Ele explicou novamente que todos os shows para as inaugurações foram contratados através de empresas que detinham exclusividade com os artistas e que as diferenças entre os valores que eles dizem ter recebido e os que foram pagos correspondem não apenas ao cachê pessoal dos artistas, mas também às despesas com o transporte de equipamentos, passagens aéreas, hospedagens e alimentação dos componentes das bandas, bailarinos e equipes de produção de cada evento, traslados na cidade, organização de camarins e impostos incidentes sobre os contratos, além do próprio e legítimo lucro da empresa responsável pela negociação.
Além disso, explicou Edvaldo, para os shows pagos pela Secretaria Municipal de Saúde foram utilizados recursos próprios do município, arrecadados com os impostos. "Governos de todo o país, inclusive o de Sergipe, contratam como nós contratamos. É uma prática extremamente natural. Nenhum dinheiro do Fundo Nacional de Saúde foi utilizado para shows e a verba foi investida na inauguração de obras da própria SMS", disse Edvaldo Nogueira.
Pefelista é criticado
O prefeito de Aracaju, Edvaldo Nogueira (PC do B), criticou ontem a atitude atribuída ao governador João Alves Filho (PFL) que teria mandado a Secretaria de Segurança Pública (SSP) intimar os servidores da Empresa Municipal de Serviços Urbanos (Emsurb) para explicar sobre a apreensão dos panfletos com a reprodução da matéria publicada esta semana pela Revista Veja, denunciando os contratos de shows feitos pela Prefeitura de Aracaju, durante o mês de março. "Aracaju deixou de ser um departamento do governo estadual com o fim da ditadura militar", reagiu.
Em entrevista coletiva, no Palácio Ignácio Barbosa, ele reafirmou que não permitirá "a nenhuma autoridade interferir no trabalho da administração municipal". Segundo Edvaldo, a prefeitura da cidade "é um poder autônomo e vai continuar assim". Para o prefeito, o governador do Estado está tentando mais uma vez ingerir no trabalho da administração municipal.
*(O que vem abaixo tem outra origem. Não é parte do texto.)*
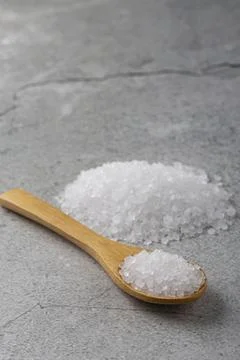 Handful of coarse salt on the table. Stock Photos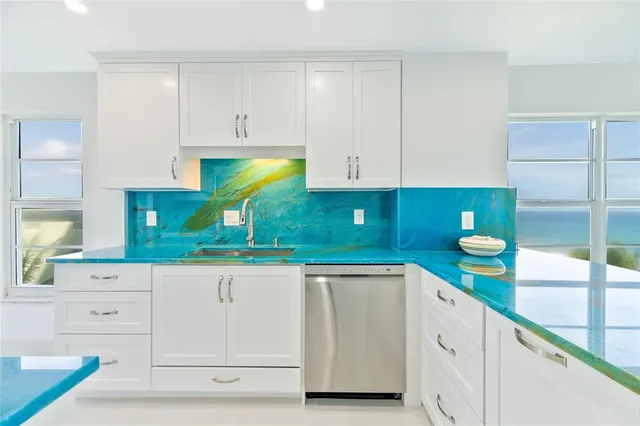 a kitchen with white cabinets and a sink
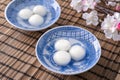 Close up of tangyuan yuanxiao in a bowl on gray table, food for Winter Solstice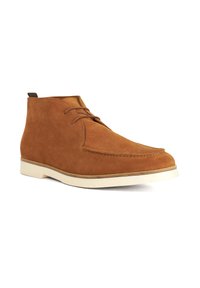 Tan suede chukka boot with a smooth finish, white rubber sole, and simple lace-up design. Features subtle stitching and a short ankle height.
"Eu não vou permitir que o governador João Alves ou qualquer outra autoridade queira sentar na minha cadeira a pretexto de nada. Aracaju sempre manteve e vai manter uma relação respeitosa com o governo de Sergipe, mas em hipótese alguma será subordinada a ele", enfatizou o prefeito. O material gráfico foi apreendido na última quarta-feira pela Emsurb, porque estava sendo distribuído na cidade irregularmente e encaminhado imediatamente à Procuradoria Regional Eleitoral.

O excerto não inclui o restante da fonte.